Bana turns in his usual performance where it looks like he’s always about to cry because he doesn’t understand what’s going on, and the chemistry between him and the chipper McAdams is so unbelievable that not even her cute, wholesome attractiveness can save it. You really want her to be with someone better, someone who doesn’t show up naked in a field when she’s 8 and tell her that they’re going to get married. It’s a pretty fucked up thing to do to a kid imo.
The sci-fi concept behind a guy unstuck in time and how that affects his relationships is interesting enough, but the way they do the time travel is just so weird and bad that they get more wrapped up in having to explain the rules of it than actually exploring anything really deep with his marriage.
Ender’s Game (2013)
Directed by: Gavin Hood
Starring: Harrison Ford, Asa Butterfield, Hailee Steinfeld
I went into this movie as a fan of the book all prepared to hate it, but it just had to go and be both really faithful to the source material and an entertaining film on its own right. That’s the nice thing about expecting the worst from everything, once every thousand times, you get surprised by something good!

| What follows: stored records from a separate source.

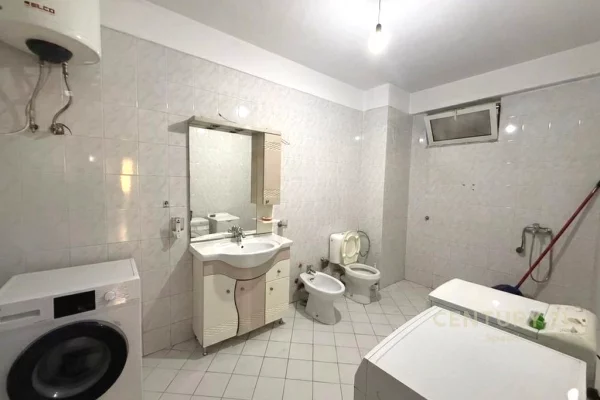 Shtepi me qera Apartament ne Tirane, 2+1, Mobilimi E mobiluar, Pagesa 400  Euro.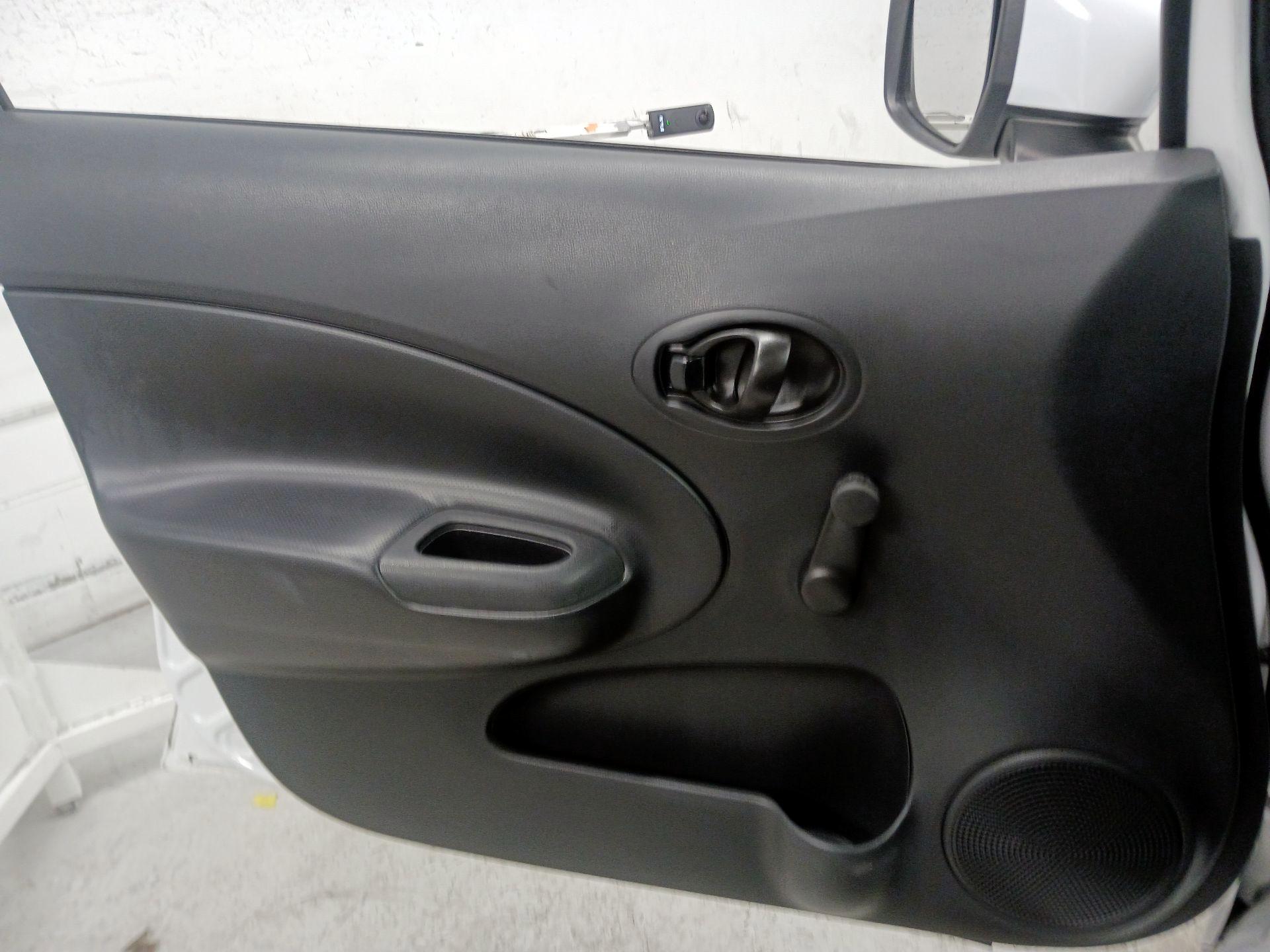 Thumbnail: 2016 Nissan Versa Note - 12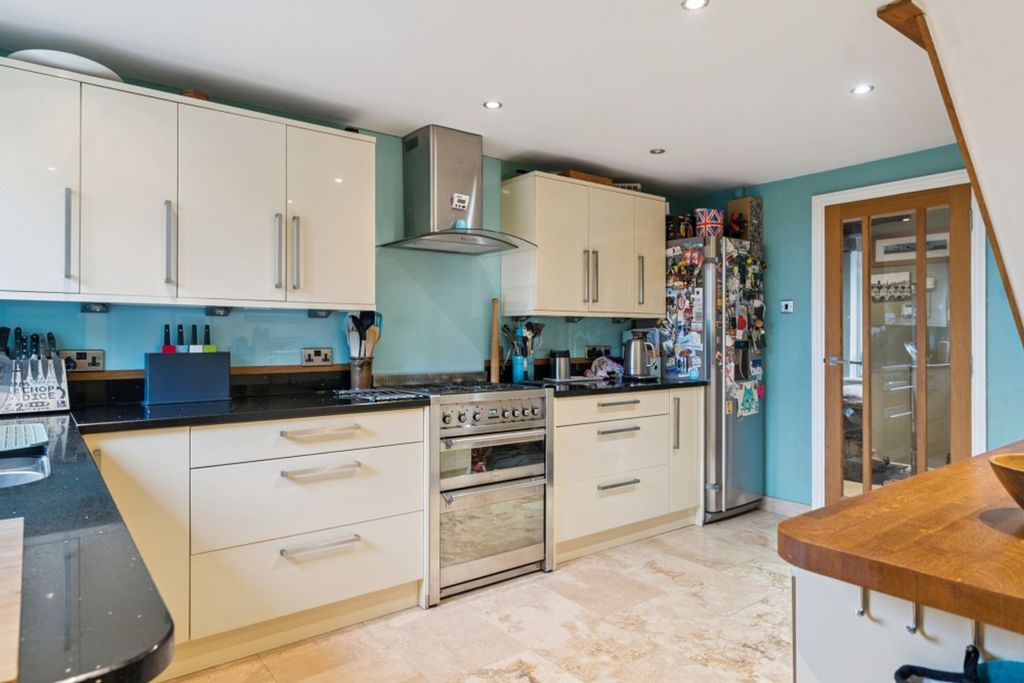 Property photo 2 of 25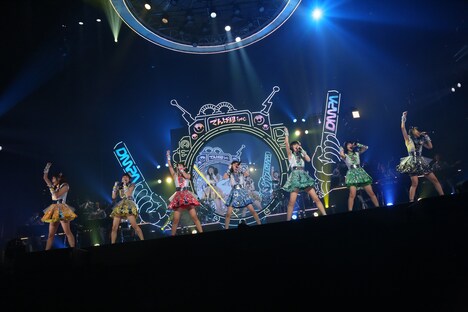 「でんぱ組.inc コスモツアー 2019 in 日本武道館 ワレワレハデンパグミインクダ ～宇宙からの帰還～」の様子。（撮影：チェリーマン）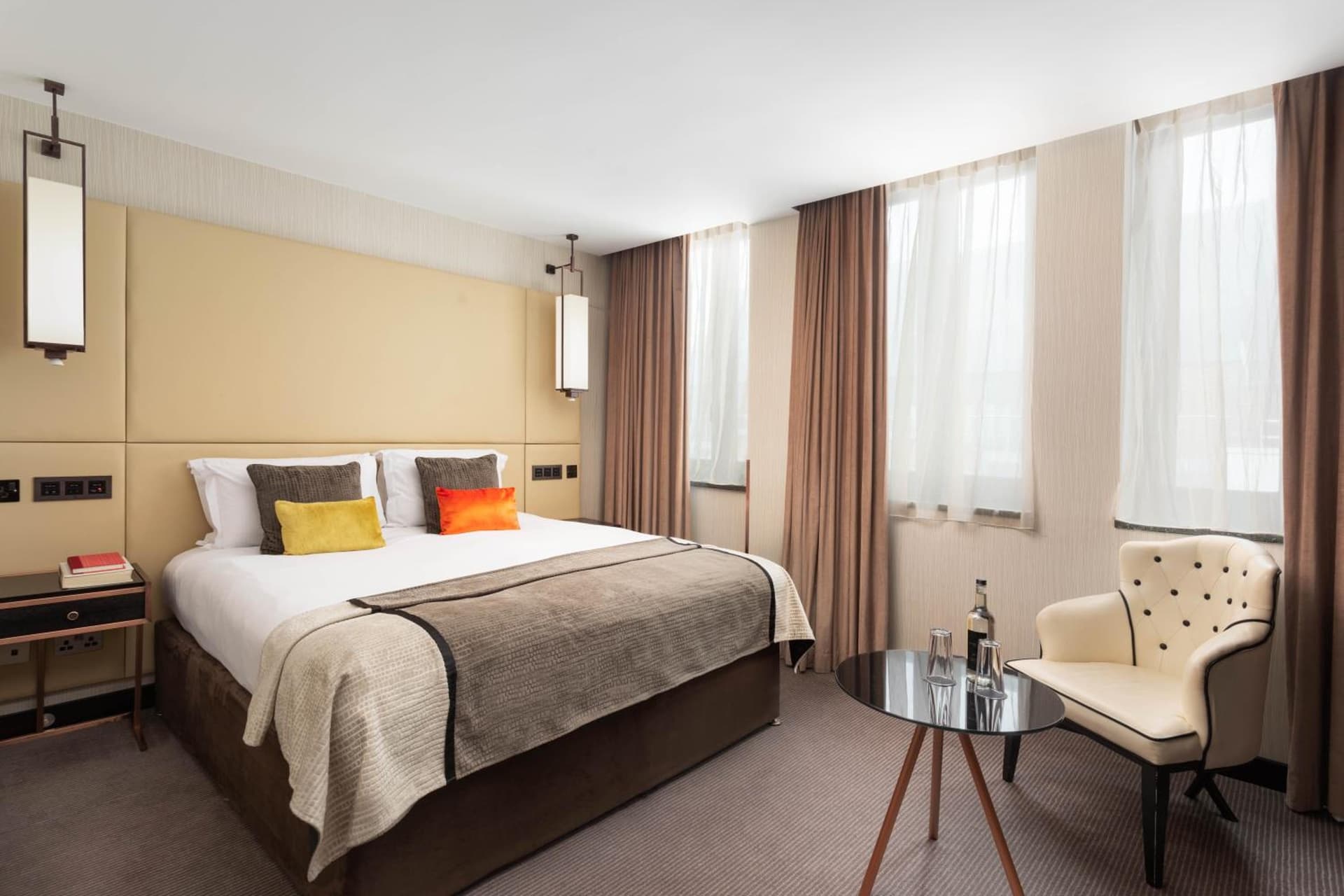 Deluxe King Room
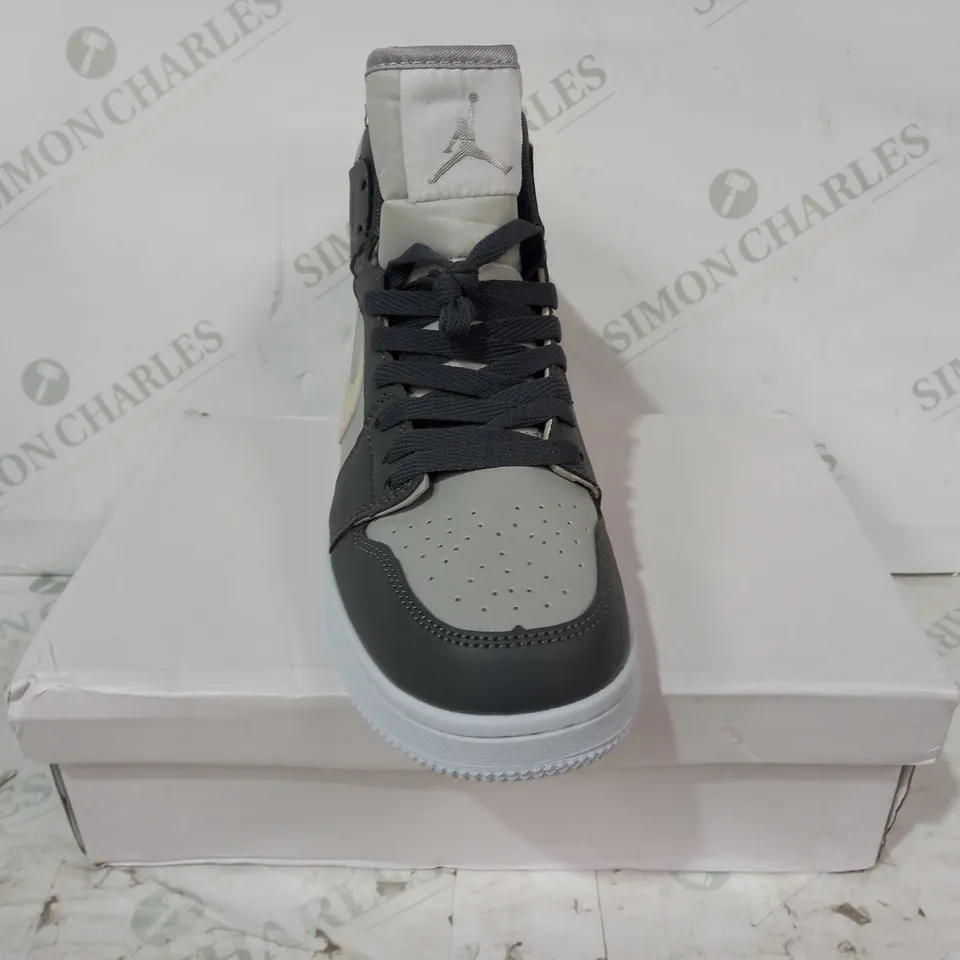 BOXED PAIR OF NIKE AIR SHOES IN GREY/WHITE UK SIZE 7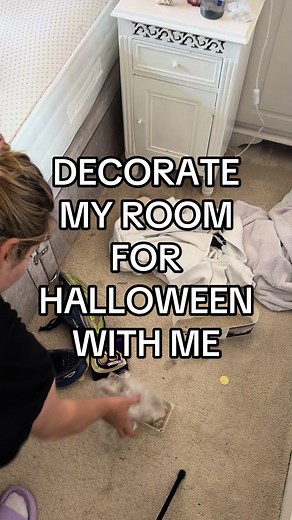 Cleaning and decorating my room for halloween 🎃 #fyp #halloween #decoratewithmeforhalloween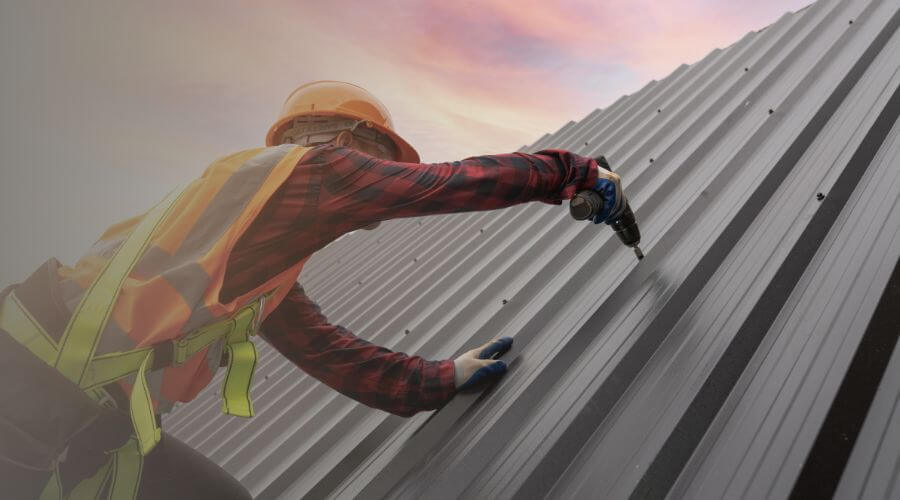 Professional gutter cleaning in Corozal, PR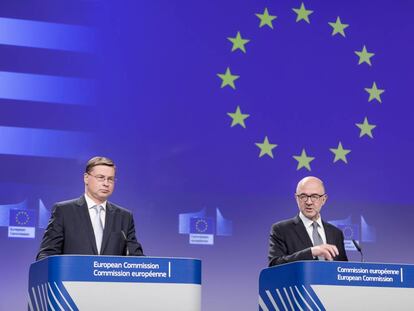 El vicepresidente de la CE, Valdis Dombrovskis (izq.), y el comisario europeo de Economía, Pierre Moscovici. (Thierry Monasse/Getty Images)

Ender Wiggin is a genius kid selected to enroll in a space school designed to make the best and the brightest space fleet commanders so humanity can finally defeat the Formics, a bunch of alien bug guys. He goes through a lot of hard times, almost all of which are engineered by the old and grumpy Harrison Ford to make him more of a tactical thinker. After graduating from the first school, he goes to a second school where he’s trained by Australian Ben Kingsley with tattoos all over his face.
It’s a pretty nice looking sci-fi story, that’s ACTUALLY science fiction. There are just enough giant spaceships and explosions to keep the average person entertained, or so it seemed to me. I guess the movie only broke even, and is therefore a flop. In one respect, that’s kinda good; it’ll discourage a million movies being made out of the subpar book sequels anyway. As far as this movie goes, it’s great. Good sci-fi plot, sticks close to the book, great twist ending, and no naked kids at all! That’s a thing people were worried about from the books, I’m not just being really creepy out of nowhere.
Directed by: Katsuhiro Ohtomo
Starring: Anna Paquin, Patrick Stewart, Alfred Molina
So for some reason IMDb didn’t have the original Japanese cast listed, only the English dub, so that’s what I wrote down. I did watch the original version with English subtitles, not because I’m one of those guys, but because it’s completely impossible to find a dubbed version of an anime movie if you’re pirating it because the guys who care enough to upload these things are the ones who think that a dub is a violent attack on the original intent of a film. While I get where they’re coming from, and there definitely IS something to be said about the original acting conveying the original intent of the director, if you can’t understand the language in the first place, it’s lost on you anyway, so you might as well see a dub in a language you understand so you can get the emotional feel from THOSE performances. Anyway, that’s my subs vs dubs opinion, which I’m sure you care about.
Steamboy is about a boy in a steampunk futurepast who has to stop his dad from creating a giant horrible machine that will kill everybody or something like that. There’s a spoiled rich girl that acts as the romantic interest, some cute animal sidekicks, and a crazy old man. All the generic roles are filled by equally generic characters in a story that is really nothing to write home about. I can’t even extend the plot synopsis into two sentences here.
This movie’s got the same director as Akira, and it shows in the character design. Pretty much everybody looks the same, except for the evil dad with a big robot eye. Of course, that’s not really why anybody would watch this movie, the reason to see it is the steampunky designs and the backgrounds, which are lavish and complex. If that’s enough for you in a movie, then you’ll be in hog heaven with Steamboy. If you’re looking for something with a little more substance behind the pretty backdrop, there isn’t much of it here.